In South Coast Construction Ltd v Iverson Road Ltd, the contractor obtained an adjudicator’s decision in its favour, awarding it nearly £900,000. The employer did not pay and so the contractor commenced enforcement proceedings in the normal way.
What made this case different to a standard adjudication enforcement claim was the fact that the employer served a notice of intention to appoint an administrator (NOI). The effect of this was to impose an automatic statutory moratorium of ten working days (paragraphs 43 and 44, Schedule 1B to the Insolvency Act 1986).
South Coast Construction’s applications
The contractor’s application for summary judgment to enforce the adjudicator’s decision was listed for hearing on the last day of the moratorium (18 January). The court has the power to permit proceedings to continue notwithstanding the statutory moratorium, so the question for Coulson J was whether he should allow the claim to continue.
Strictly speaking, Coulson J avoided deciding the issue by delivering his judgment the following day (19 January), by which time the moratorium had ended, and the employer had entered members’ voluntary liquidation (which does not automatically impose a moratorium). However, he gave a reasoned judgment as it had been fully argued, was relevant to costs and, of most interest, he considered that it:
“…has wide ramifications, and may be relevant to other cases in the months to come.”
Where the claim is merely a money claim, it will only be in “exceptional cases” that the court will allow proceedings to continue (AES Barry v TXU Europe Energy Trading).

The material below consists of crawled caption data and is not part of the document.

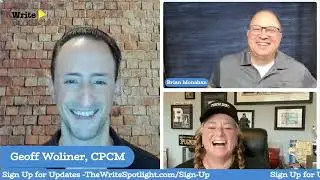 The Write Spotlight Episode #2  - Geoff Woliner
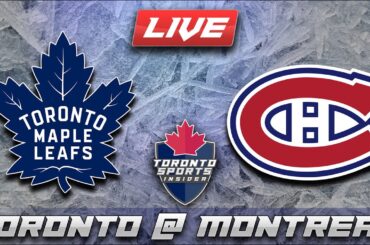 Toronto Maple Leafs vs Montreal Canadiens LIVE Stream Game Audio | NHL Preseason Gamecast & Chat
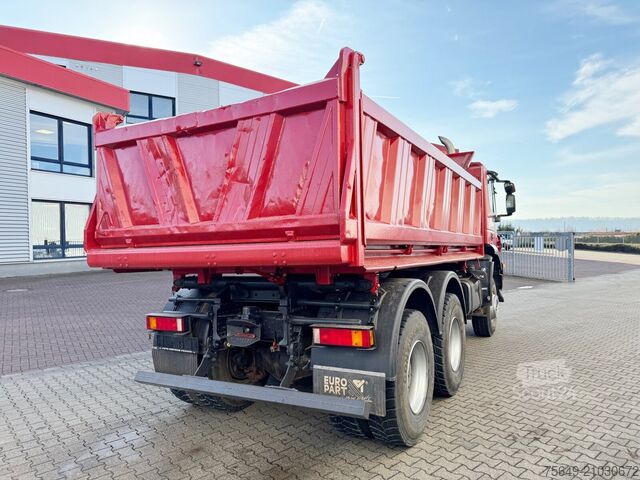 Camion-benne tricar Iveco-Magirus Trakker AD260T36W 6x6 Trakker AD260T36W 6x6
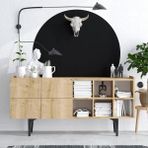 Decormet Sirius DEC0001 150x40x75 cm Meşe Konsol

Was there anything exceptional about this case?
On the face of it, there was not. However, Coulson J nonetheless decided that he would have given permission for the enforcement claim to continue and gave two separate reasons for doing so.
Firstly, the balancing exercise favoured allowing the claim to continue. The proceedings were very far advanced. No additional costs would be incurred by deciding the enforcement claim and it would be of no benefit to anyone for the court to decline to determine the enforceability of the adjudicator’s decision. He was critical of the employer’s conduct (in total three NOIs had been served, containing no evidence of the financial position of the company, and neither the contractor nor the court had been informed of the NOIs at the time).
Secondly, Coulson J relied on the nature and purpose of statutory adjudication. He referred to the well-known dicta of Chadwick LJ in Carillion Construction v Devonport Royal Dockyard in relation to the “pay now, argue later” nature of adjudication decisions and said:
“Proceedings issued to enforce the decision of a construction adjudicator therefore differ in significant respects from other kinds of commercial proceedings or monetary claims. I venture to suggest that the regime described by Chadwick LJ is unique, without any real parallel in other parts of the High Court. Adjudication enforcement proceedings such as these presuppose that there has already been a decision, on the merits, by an adjudicator, that there is a sum of money which, prima facie, is due and owing under the contract or pursuant to statute. Indeed, such enforcement proceedings presuppose that the defendant is in breach of contract or in breach of statute for not paying the sum found due by the adjudicator. … I consider that a party such as the claimant, who has a decision in its favour from an adjudicator, is in a much better position than most to argue that the court should exercise its discretion to continue to an enforcement hearing.”
What next?
As far as I know this is the first reported decision in which the TCC has considered the interplay between the adjudication regime under the Construction Act 1996 and the insolvency regime in relation to administration under Schedule B1 to the Insolvency Act 1986.
While strictly obiter, Coulson J’s approach is likely to be followed by the other TCC judges. It is consistent with the TCC’s pro-enforcement stance in relation to adjudicator’s decisions and the reluctance to allow the insolvency of parties against whom adjudicator’s decisions have been made to act as a bar to immediate enforcement.
However, it remains to be seen what approach the court would take if, for example, the issue arose earlier in the adjudication enforcement proceedings and there could be no criticism of the defendant’s conduct:
- Would Coulson J’s second reason be sufficient on its own?
- If the balancing exercise did not favour allowing the claim to continue, would permission be given simply because it was a claim to enforce an adjudication decision?
This is not clear from Coulson J’s judgment. I suspect, as with most cases, it will be a question of fact and degree – but this decision gives a clear indication of the way the wind is blowing.